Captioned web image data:
--------

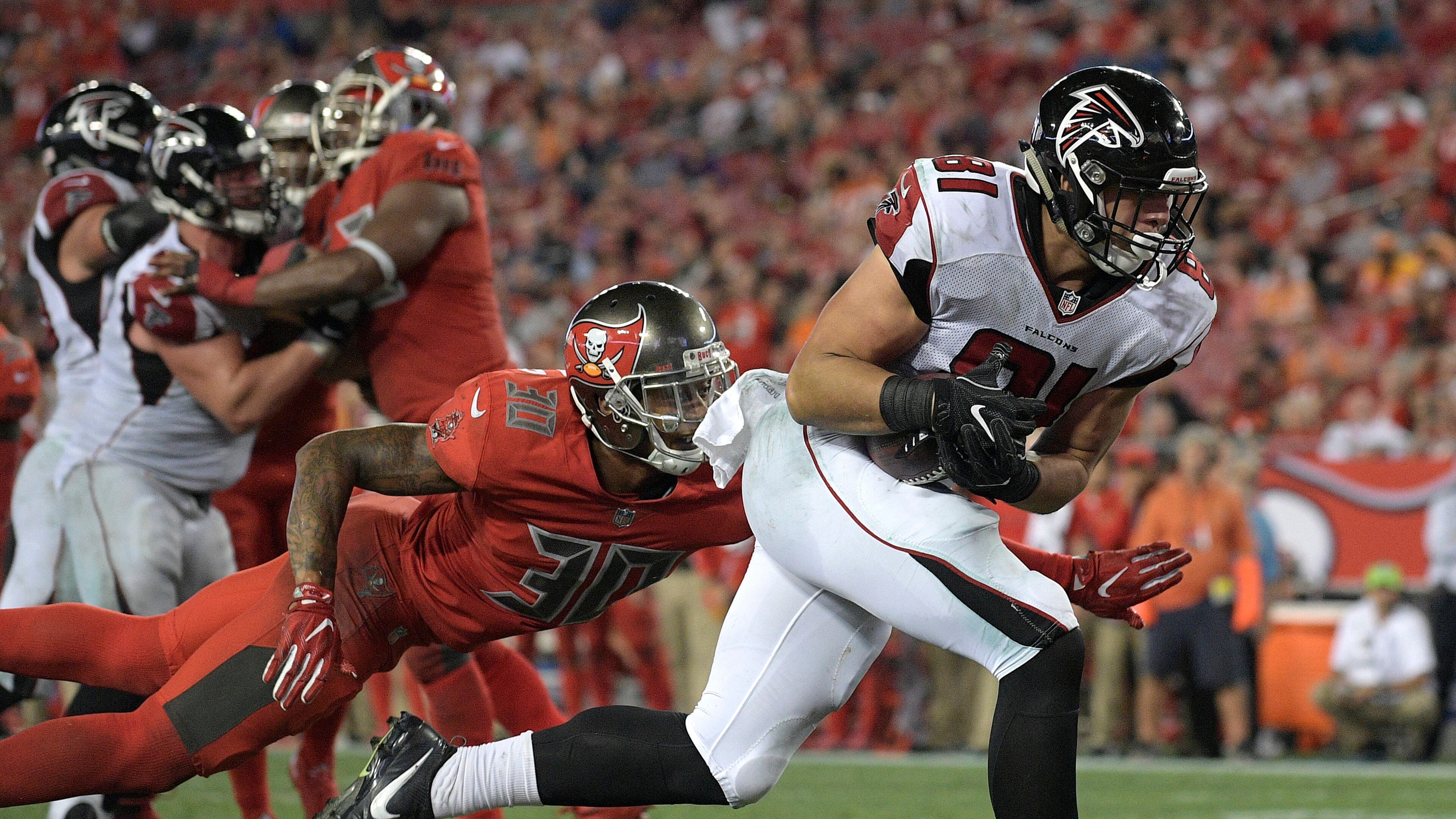 Atlanta Falcons tight end Austin Hooper (81) beats Tampa Bay Buccaneers free safety Bradley McDougald (30) on a 2-yard touchdown reception during the fourth quarter of an NFL football game Thursday, Nov. 3, 2016, in Tampa, Fla. (AP Photo/Phelan Ebenhack)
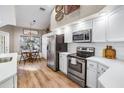 Bright kitchen featuring stainless steel appliances, white cabinets, and wood flooring at 11242 Riddle Dr, Spring Hill, FL 34609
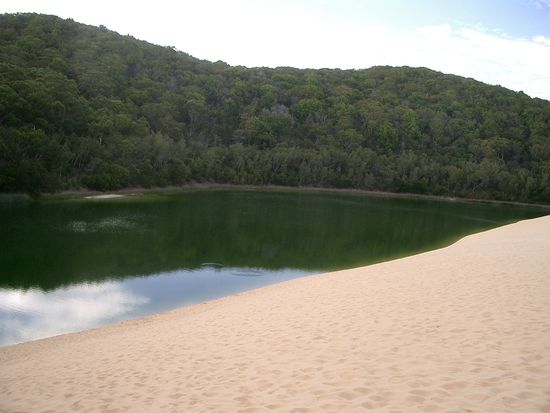 Eine riese Sandduene, mittendrin ein See, umgeben von einem Wald...
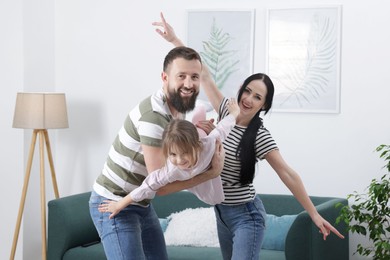 Photo of Cute little girl and her parents having fun at home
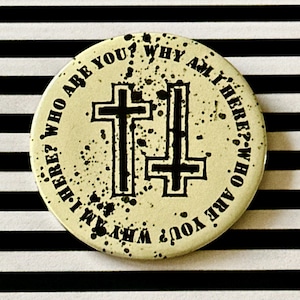 May include: A white button with black text and a black graphic of two crosses. The text reads "Who are you? Why am I here? Who are you? Why am I here?"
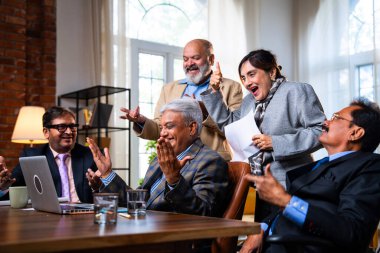 Hintli beş iş adamı laptopta çalışırken başarıyı kutluyor. Hintli üst düzey Asyalı işadamları modern ofiste masada otururken veya ayakta dururken kâr ve başarıyı alkışlıyor.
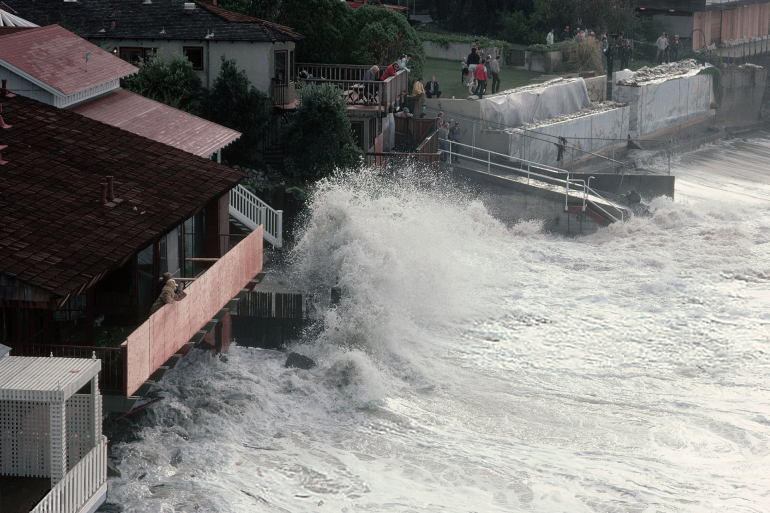 Waves from the El Nino Storm of 1983, batter beach houses on Laguna Beach. California, USA.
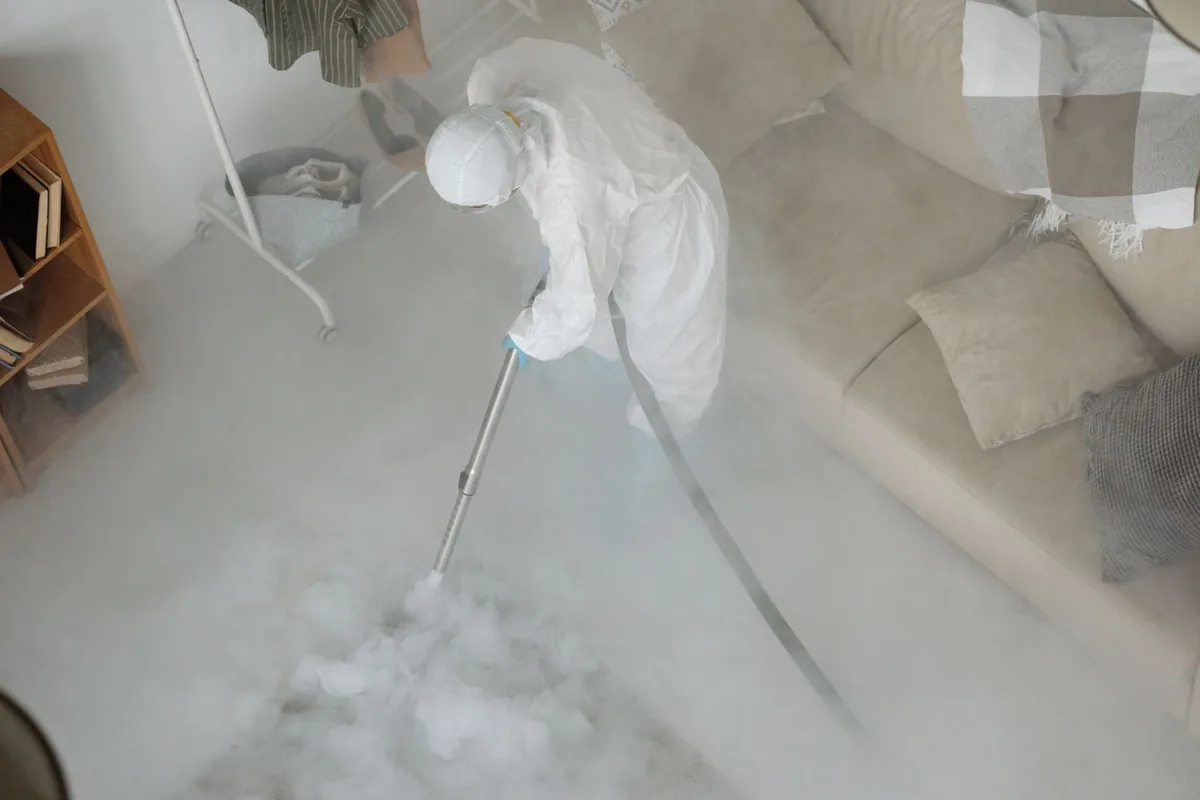 Biohazard cleanup technician in protective equipment, West End-Cobb Town, AL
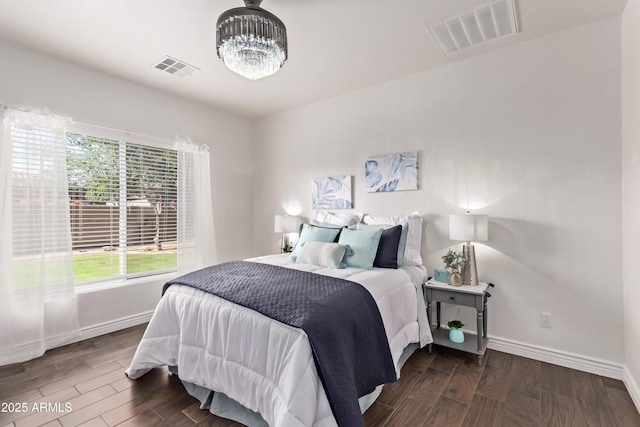 14864 W Riviera Dr, Surprise, AZ 85379 - bedroom featuring multiple windows, a chandelier, and wood finished floors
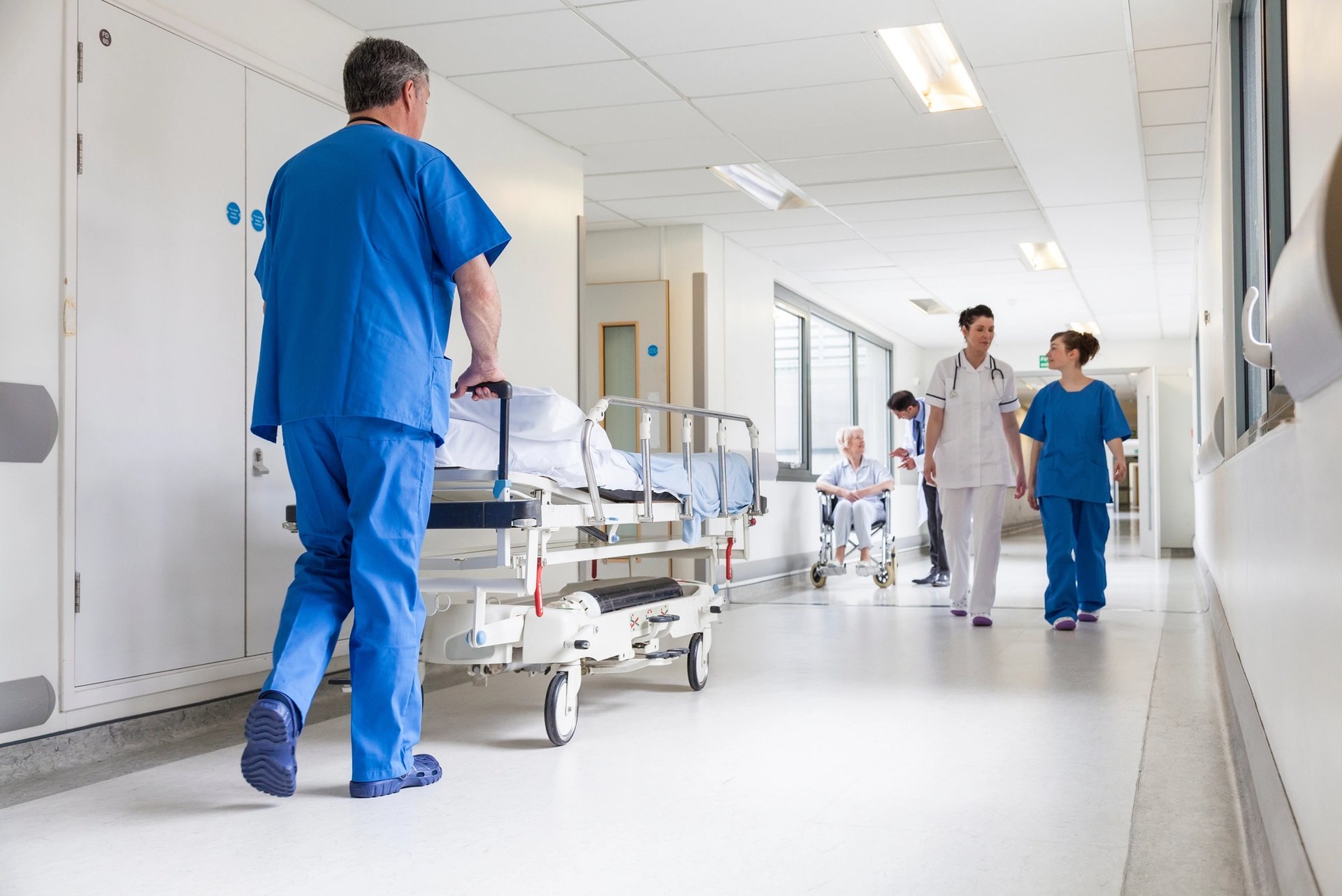 Doctors and nurses in hospital corridor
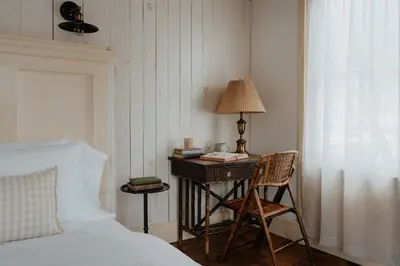 a bedroom with a bed and a desk with a lamp at Book Village Inn - Dickinson Room Queen Bed in Hobart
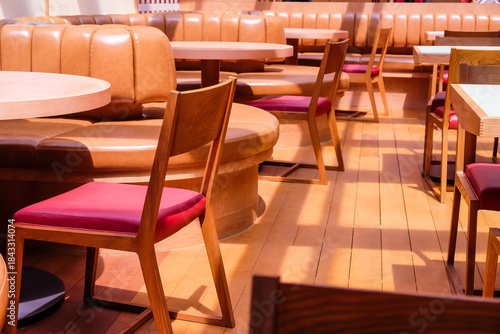 Wooden chairs and tables in a row in the interior of a restaurant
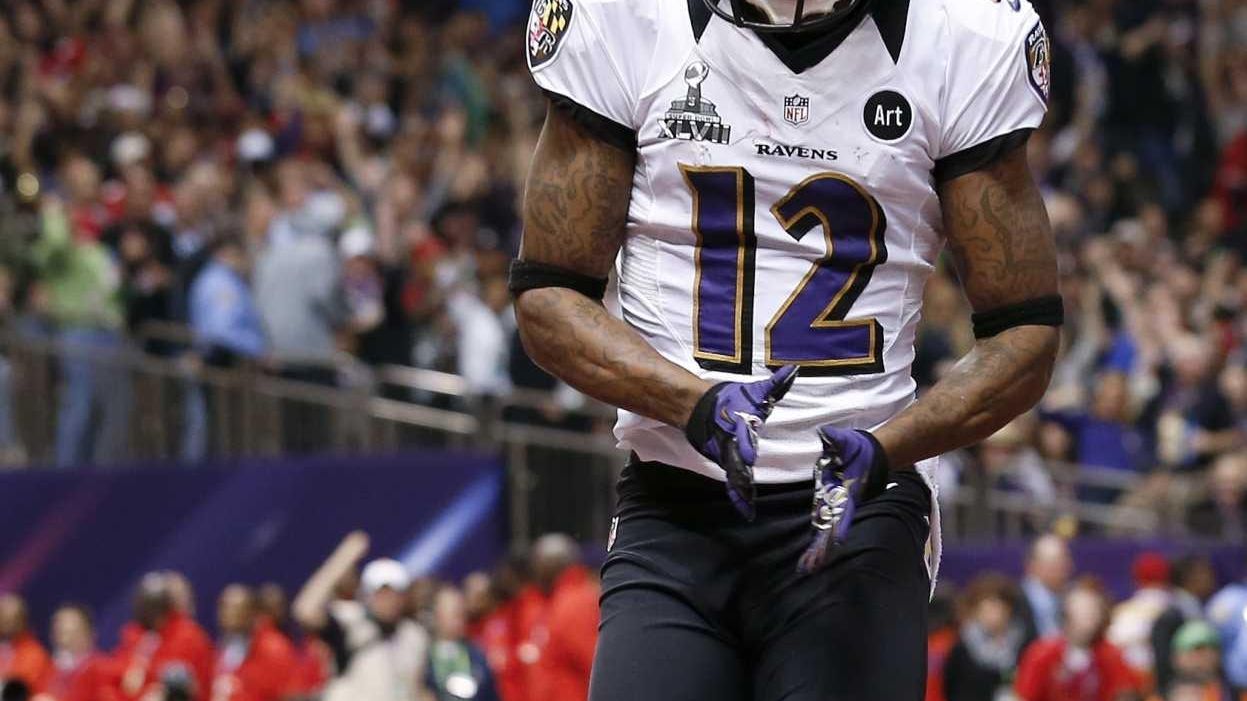 Baltimore Ravens wide receiver Jacoby Jones takes a kickoff the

--------

Set down every entry above exactly as written, but skip the pictures.

 Atlanta Falcons tight end Austin Hooper (81) beats Tampa Bay Buccaneers free safety Bradley McDougald (30) on a 2-yard touchdown reception during the fourth quarter of an NFL football game Thursday, Nov. 3, 2016, in Tampa, Fla. (AP Photo/Phelan Ebenhack)
 Bright kitchen featuring stainless steel appliances, white cabinets, and wood flooring at 11242 Riddle Dr, Spring Hill, FL 34609
 Eine riese Sandduene, mittendrin ein See, umgeben von einem Wald...
 Photo of Cute little girl and her parents having fun at home
 May include: A white button with black text and a black graphic of two crosses. The text reads "Who are you? Why am I here? Who are you? Why am I here?"
 Hintli beş iş adamı laptopta çalışırken başarıyı kutluyor. Hintli üst düzey Asyalı işadamları modern ofiste masada otururken veya ayakta dururken kâr ve başarıyı alkışlıyor.
 Waves from the El Nino Storm of 1983, batter beach houses on Laguna Beach. California, USA.
 Biohazard cleanup technician in protective equipment, West End-Cobb Town, AL
 14864 W Riviera Dr, Surprise, AZ 85379 - bedroom featuring multiple windows, a chandelier, and wood finished floors
 Doctors and nurses in hospital corridor
 a bedroom with a bed and a desk with a lamp at Book Village Inn - Dickinson Room Queen Bed in Hobart
 Wooden chairs and tables in a row in the interior of a restaurant
 Baltimore Ravens wide receiver Jacoby Jones takes a kickoff the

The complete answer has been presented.